One and a half years.

On Saturday we went to a lovely engagement party.  And the boys ticked over to eighteen months old.  One and a half years.  It feels like they’ve been here a great deal longer.  I like that when people ask ‘are they twins?’ and then ‘how old are they?’ I can now say ‘one and a half’.  Because I really don’t want to be one of those people who refer to their children as ’54 months old’.  I suppose I’ll keep calling them 1.5 until they’re nearly and 2 and then switch to that.

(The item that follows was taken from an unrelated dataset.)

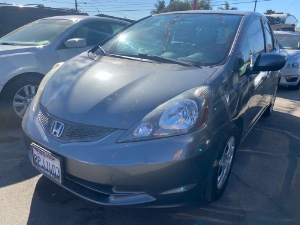 2013 Honda Fit Photo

In the approximately 547 days that they have been on this planet, we have had the best of times and the worst of times.  I could compile a fairly comprehensive list of all the things I cannot do, absolutely suck at and eff up on a regular basis.  I’m struggling to think of one thing that I do well other than vacuum – I’m pretty useful with the Dyson which is lucky when you see the carnage I have to get rid of every day.  And I must credit the boys with improving my ability to clean the house in record timing.  I used to swan about on a Saturday, drinking bubbly after completing a room, watching “Midsomer Murders” as I went and generally feeling like it was the most time consuming arduous job on the planet.  And we have a tiny house.  But now, I can whip it into shape in under an hour.  Here’s a few more things they’ve taught me –

There is no sense of danger.
There is no sense of danger.
  • it doesn’t matter how cute the clothes are, it won’t help them sleep.  But at least they will look cute while they’re awake for hours on end.
  • it doesn’t matter how good your pram is, you’ll always find ways it could be improved.  I should know, I’ve had a few.
  • it doesn’t matter if you don’t get out of your pyjamas until midday or even at all.  Even when they’re one and a half.
  • nothing really matters except that you got through the day.  As my dear nan would say ‘the world will go around just the same’.  It really will.  And before you know it, you’ll be missing the days when you could put them on the floor and they’d stay there.
  • every age and stage will have its challenges, but they will pass.  I sometimes look back and think ‘oh gee that was hard’ or ‘this is harder than it was then’ but really, it’s always hard to some degree, it’s just the challenge is different.  It used to be that they couldn’t do anything for themselves, now it’s that they want to do everything for themselves – including pulling the oven apart.
  • that blowflies are the best toys.
  • that flowers are the most beautiful, amazing things ever invented and need to be smelt, picked and pointed at.
  • that outside is better than inside.
  • that the world is full of wonder and delight and I should just slow down and ‘be’ in every moment.
  • that there really is nothing better than watching your baby sleep.  Even if it has taken the best part of the day to achieve and they refuse to sleep anywhere else but on you.  Even when they’re one and a half.
"Attachment parenting"?  Or "it works"?
“Attachment parenting”? Or “it works”?

On Sunday morning we had brunch (how very cosmopolitan of us?) with a dear friend.  She cooked up a feast and it was delicious.  After we’d wrangled the boys back in the car and apologised profusely for the mess they’d made and the bother we’d been (she assured us we weren’t and I believed her, because that’s the thing about good friends) we were stopped at the traffic lights trying to read the map and remember where to go despite me having lived just off that road for nigh on two years when we spied a man pushing a twin pram which,  incidentally,  was the same brand as (one of) ours – a Bugaboo Donkey – apparently the Rolls Royce of prams (I could suggest a few improvements).  They must have been tiny babies because they were still in the bassinet contraption and I was little bit jealous.  I’d like to have my babies that age again armed with what I know now so that I could just ‘be’ a bit more and worry a lot less.  I reckon that bloke had it all in hand though – he was really well dressed (clean clothes that actually matched and looked like a well put together outfit), looked cool, calm and collected and was even walking his dog off the lead.  That only happens on our good days.  Even one and half years in.